This is a follow-up on the earlier post about SLAM. Localization is inherent to SLAM if the system is working perfectly, but that usually requires expensive sensors like laser range finders and lots of computing power. As we envision cheap and expendable robots, we would like to know whether reliable localization is also possible in a simpler way.
For outdoor robots, the solution is easy: existing maps with GPS (and in the near future, Galileo). This is the approach that is used for Fireswarm. For indoor robots, such a simple, almost luxurious solution is not available, unfortunately. Thus, we have to rely on a number of sensors, like a compass, gyroscope and distance sensors. There is one sensor that can really give a lot of information for almost no money though: a camera. Can we use something like a webcam for robust SLAM?
In fact, this has already been achieved with PTAM. Unfortunately, PTAM and its dependencies have not been maintained the past two years. The result is software that is hard to get working (especially on non-standard platforms such as smartphones) and does not include the latest developments in SLAM algorithms, especially regarding loop closing and bundle adjustment.

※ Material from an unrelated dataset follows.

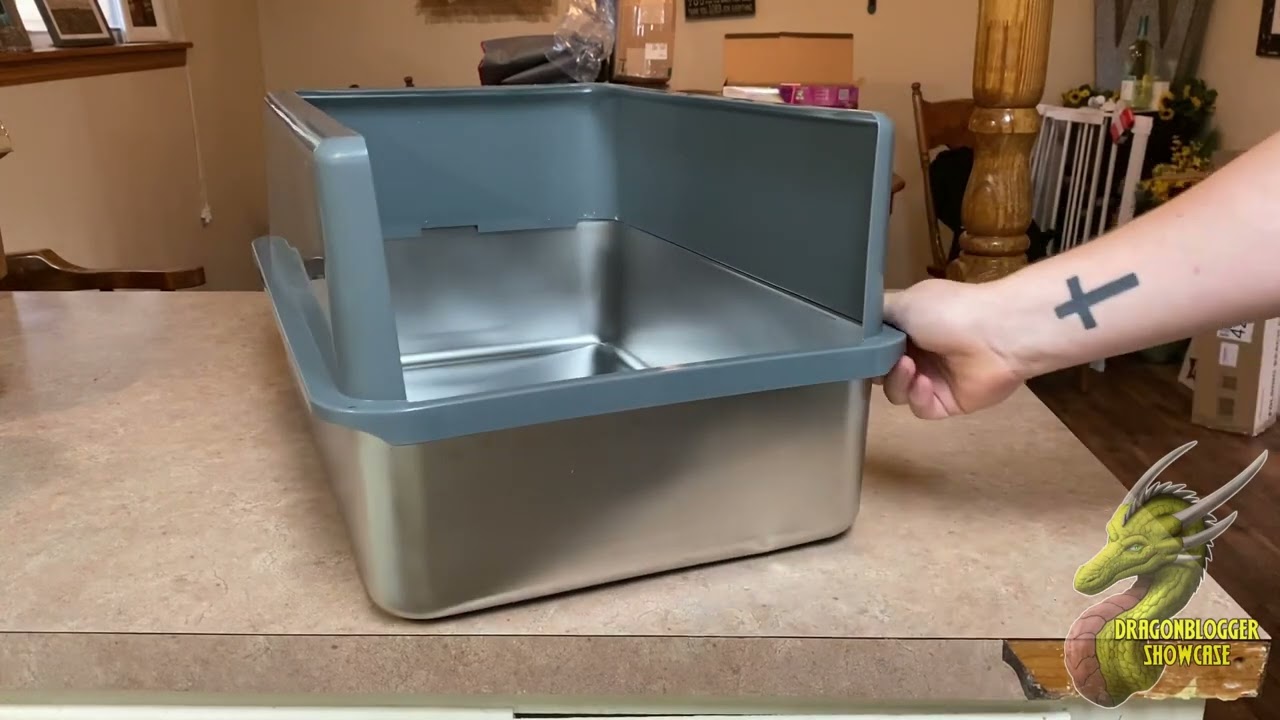 Showcasing iPrimio XL Stainless Steel Cat Litter Box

This means we have work to do! First of all, we have to decide whether we can make adaptations to the environment. Markers and so on make the task easier, but may not be acceptable in every application. A map that is known beforehand also solves part of the task: most of the mapping part of the SLAM algorithm. Of course, we should solve the localization task in the worst-case scenario of an unknown dynamic environment.
As a start, we are building a simple 2d demo. We can use a camera to look at the ceiling and use this video stream to estimate where we have walked. The first step is to detect and track features on the ceiling. This may seem easy, but to find stable features for tracking is easier said than done. To track these features and find out where they moved, we can use the iterative Lucas- Kanade method . This method is built into OpenCV and gives good results.

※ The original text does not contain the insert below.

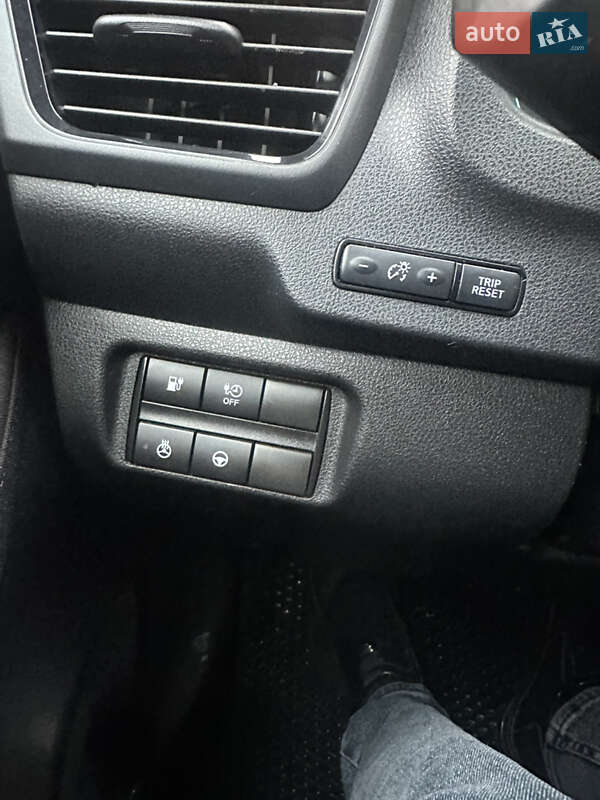 Хэтчбек Nissan Leaf 2020 в Тернополе фото 17 Хэтчбек Nissan Leaf 2020 в Тернополе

Then, we can calculate the homography between the old and new locations of the features. The homography is a matrix describing the transformation between the coordinates. Because the features are all on the same stationary plane, the homography matrix actually describes how the camera has moved. Again, OpenCV has a function to do all the dirty work for us, including RANSAC for outlier rejection. If I get around to working on this a bit more, this demo will soon be available as an app for Android!

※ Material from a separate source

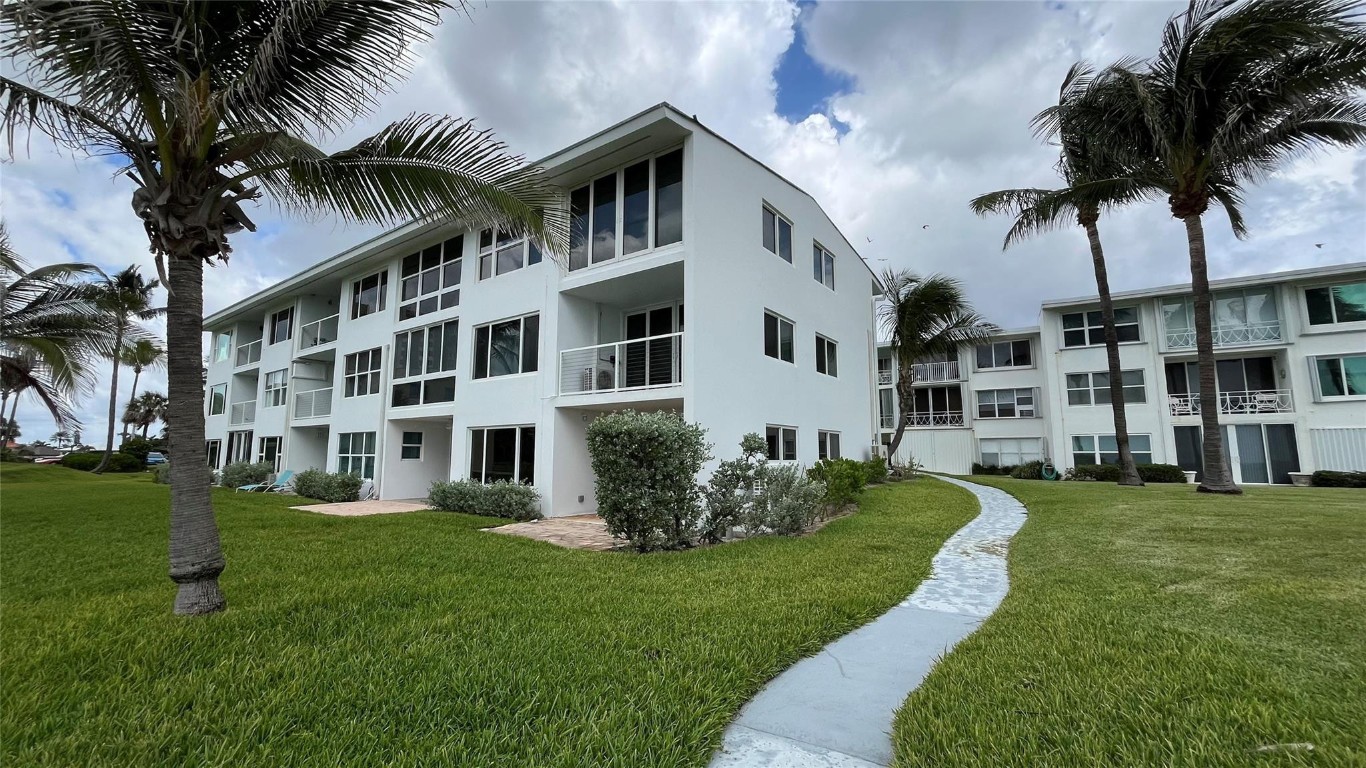 1041 Hillsboro Mile #3 Hillsboro Beach, FL 33062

 Alternatively, we can use phase correlation, which is based on a Fourier transform over the old and new images. OpenCV only includes a function to use this method for translations, but it has been shown that it can also be used to find rotations. While initial tests did not give great results, I would like to look into this further, as it seems to be a good method to quickly use all the information in an image to estimate rotation and translation.
01 November 2012